Polish parliament rejects near-total abortion ban after ...
WARSAW, Oct 6 (Reuters) - Poland's parliament overwhelmingly rejected plans for a near-total ban on abortion on Thursday after mass protests by tens of thousands of women, marking an embarrassing setback for the conservative government and the powerful Catholic Church.
The ruling Law and Justice party (PIS) had originally backed the draft proposals drawn up by an independent anti-abortion campaign group but was badly shaken by Monday's protest rallies across Poland attended by up to 100,000 women dressed in black.
Poland already has one of Europe's most restrictive abortion laws but the new proposals would have limited it only to cases where the mother's life was in direct danger - a step too far even for many women who helped vote PiS into power a year ago.
Under the rejected plan, women and doctors would have faced up to five years in jail for performing an abortion.
"PiS continues to back the protection of life," party leader Jaroslaw Kaczynski, a devout Catholic, told parliament. "And it will continue to take action in this respect but it will be considered action."
In the vote 352 lawmakers rejected the proposals against 58 in favour, but liberal opposition deputies warned of possible further attempts to tighten the law by the PiS government, which has a big parliamentary majority.
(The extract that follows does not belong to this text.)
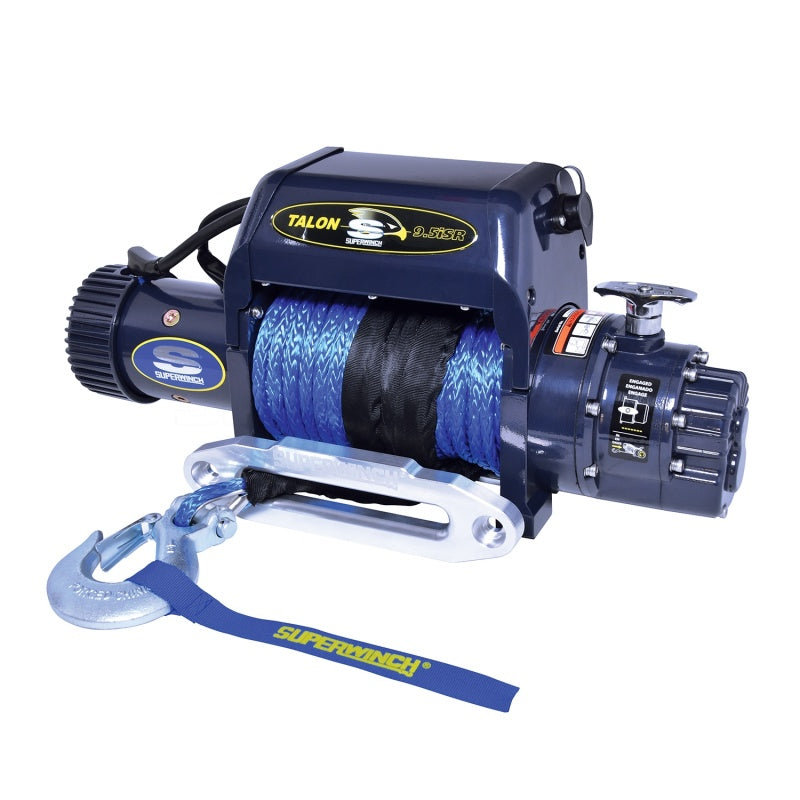 Superwinch 9500 LBS Integrated 12V DC 3/8in x 80ft Synthetic Rope Talon 9.5iSR Winch Superwinch 9500 LBS Integrated 12V DC 3/8in x 80ft Synthetic Rope Talon 9.5iSR Winch
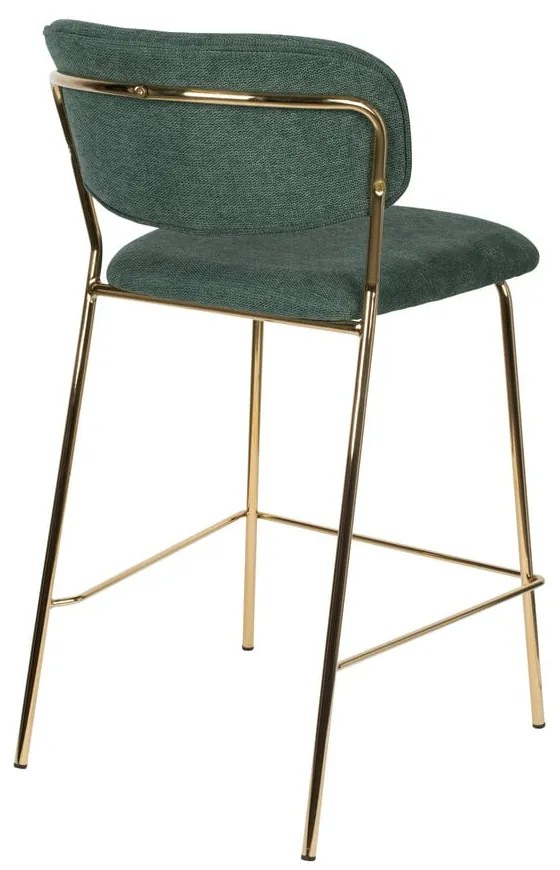 Tmavozelené barové stoličky v súprave 2 ks 89 cm Jolien – White Label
"We have to remain vigilant because we don't know what the future holds for abortion rules in Poland. We can't be sure that PiS won't come up with a new proposal," said Joanna Schmidt, a lawmaker with the new liberal Modern party.
Under current rules, enshrined in a 1993 law that ended the liberal approach of communist times, abortion is allowed in cases of rape, incest, danger to the mother's health or when prenatal tests show serious, irreversible damage to the foetus.
But activists say women are sometimes denied an abortion in such cases when a doctor invokes moral or religious objections.
Poland remains one of Europe's most staunchly Catholic nations, although the clergy has seen its influence steadily eroded by more than two decades of democratisation and market reforms since the 1989 fall of communism.